Kenaikan kasus infeksi corona sekarang menurut awamologi, hanya data permukaan saja. Bisa saja angka yang sebenarnya jauh besar dari data statistik yang selalu diumumkan. Dari oleh hasil data swab atau rapid test yang dilakukan dinas kedokteran atau data dari satgas covid disetiap daerah.
Pasalnya dilapangan bisa jadi yang terinfeksi jauh lebih besar. Karena tidak terpantau atau karena masyarakat takut cek up kerumah sakit takut dianggap corona, atau masyarakat beranggapan ini hanya demam biasa.
Sehingga data infeksi virus sebenarnya bisa dianggap dua kali lipat dari data statistik yang diumumkan.
Kasus ini sangat cocok dalam konsep psikologi teori gunung es, yang muncul dipermukaan hanya ujungnya, sebagian kecil saja. Sebenarnya dibawah permukaan jauh lebih besar dari apa yang ada diatas permukaan.

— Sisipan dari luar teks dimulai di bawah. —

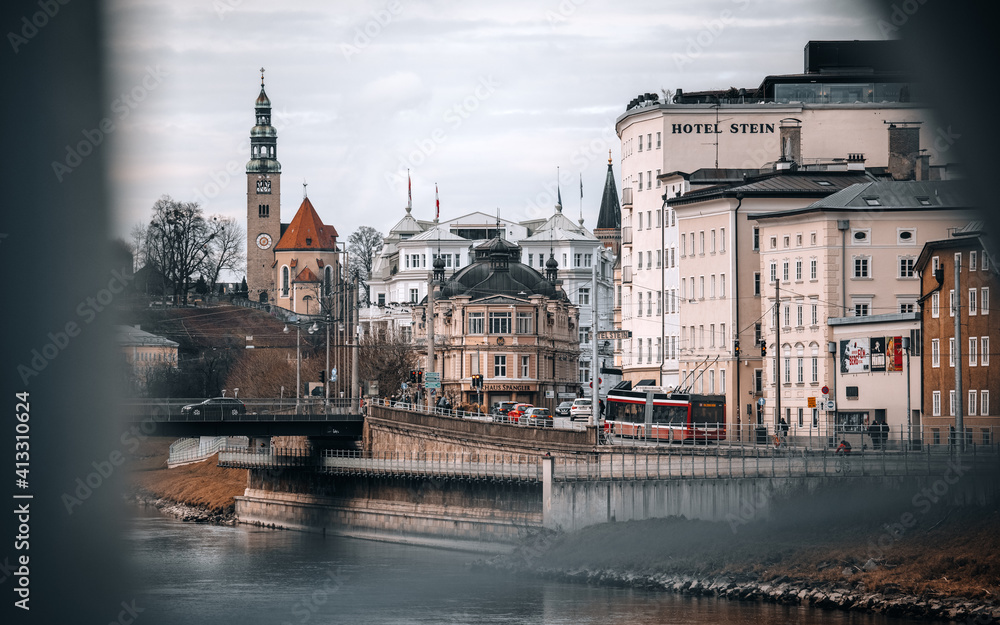 Fototapeta premium Stadt Salzburg - neue Perspektive.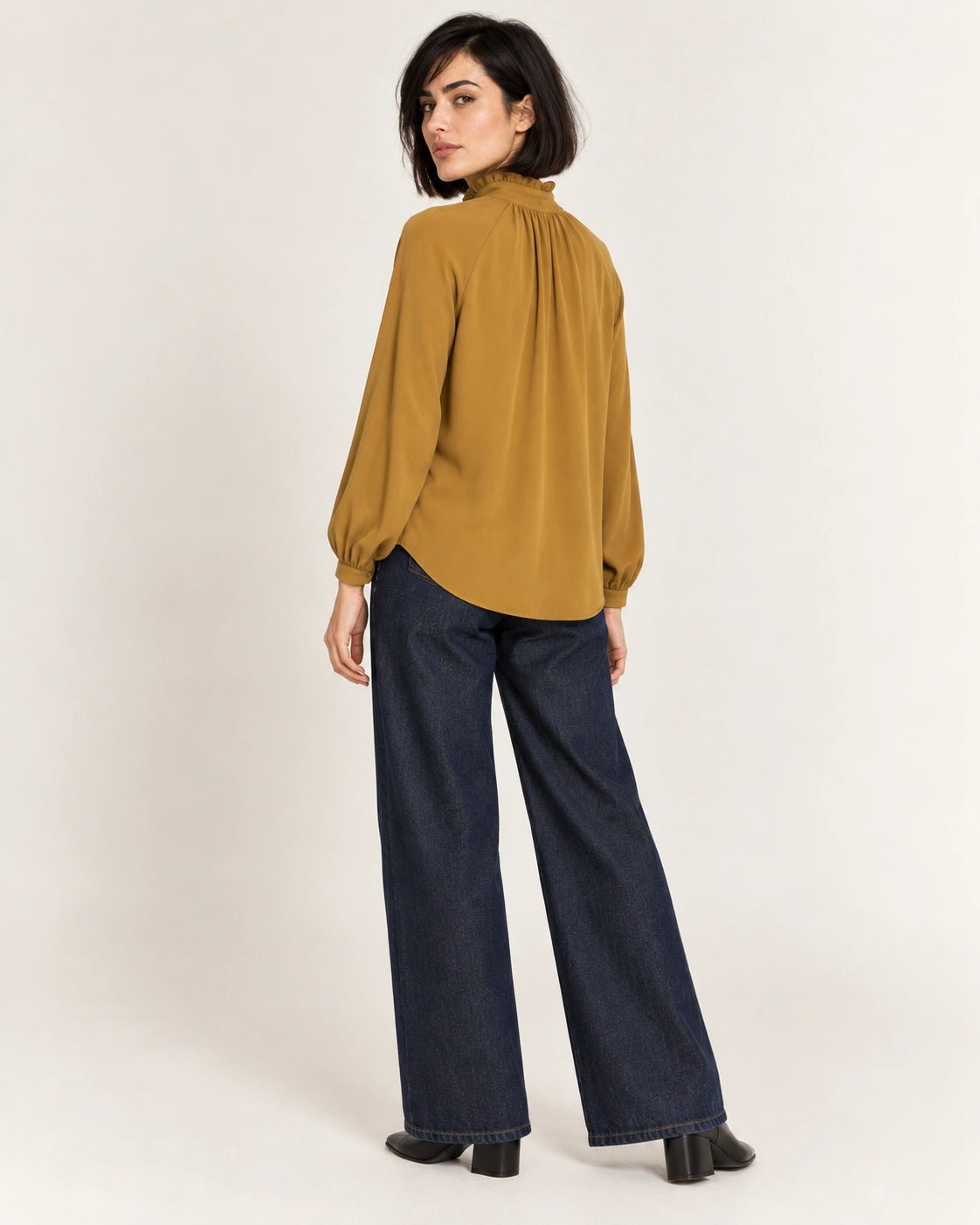 Camicia arriccio senape, vista posteriore - MADAME VENICE - FW26 - CLEOPATRA - CREPE COTONE #Colore_Senape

Kembali pada konteks dampak. Corona jelas berdampak besar disetiap lini kehidupan menjadi terganggu. Bahayanya, jika corona tak kunjung usai dalam rentang waktu cepat. Bisa dibayangkan? Resesi dunia dalam skala global disertai gejolak sosial, politik dan ekonomi.
Dan nasib suatu bangsa, khususnya generasi selanjutnya. Dampak pendidikan online menjadikan generasi seperti apa, dari berlarut-larutnya pandemi corona, entahlah!

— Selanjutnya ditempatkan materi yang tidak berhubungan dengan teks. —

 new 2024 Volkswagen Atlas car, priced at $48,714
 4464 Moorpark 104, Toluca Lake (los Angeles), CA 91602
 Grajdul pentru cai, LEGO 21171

Rutinitas Petani Alternatif Mencegah dari Penyebaran Corona
Dalam hal ini Petani mesti bersyukur loh. Karena rutinitas yang dilakukan. Aktivitas sehari-hari, pergi ke sawah atau keladang. Pergi pagi pulang ketika senja. Dan istirahat pada malam hari. Melepas penat disiang hari.
Segarnya udara alam. Berkumpul dengan suasana alam perkebunan. Rerumputan, pepohonan dan asrinya tanaman. Jauh dari kerumunan manusia, menyepi dengan kegiatan bertani, dunia tanam menanam.
Hal ini cocok dengan himbauan pemerintah untuk selalu menjaga jarak, menghindari kerumunan/keramaian, interaksi sosial dan pembatasan sosial. Petani adalah alternatif untuk menghindari penyebaran virus, kan.
Selain dari dampak corona yang luas, yang membunuh berbagai sektor ekonomi pariwisata, jasa dan lainnya sebagainya.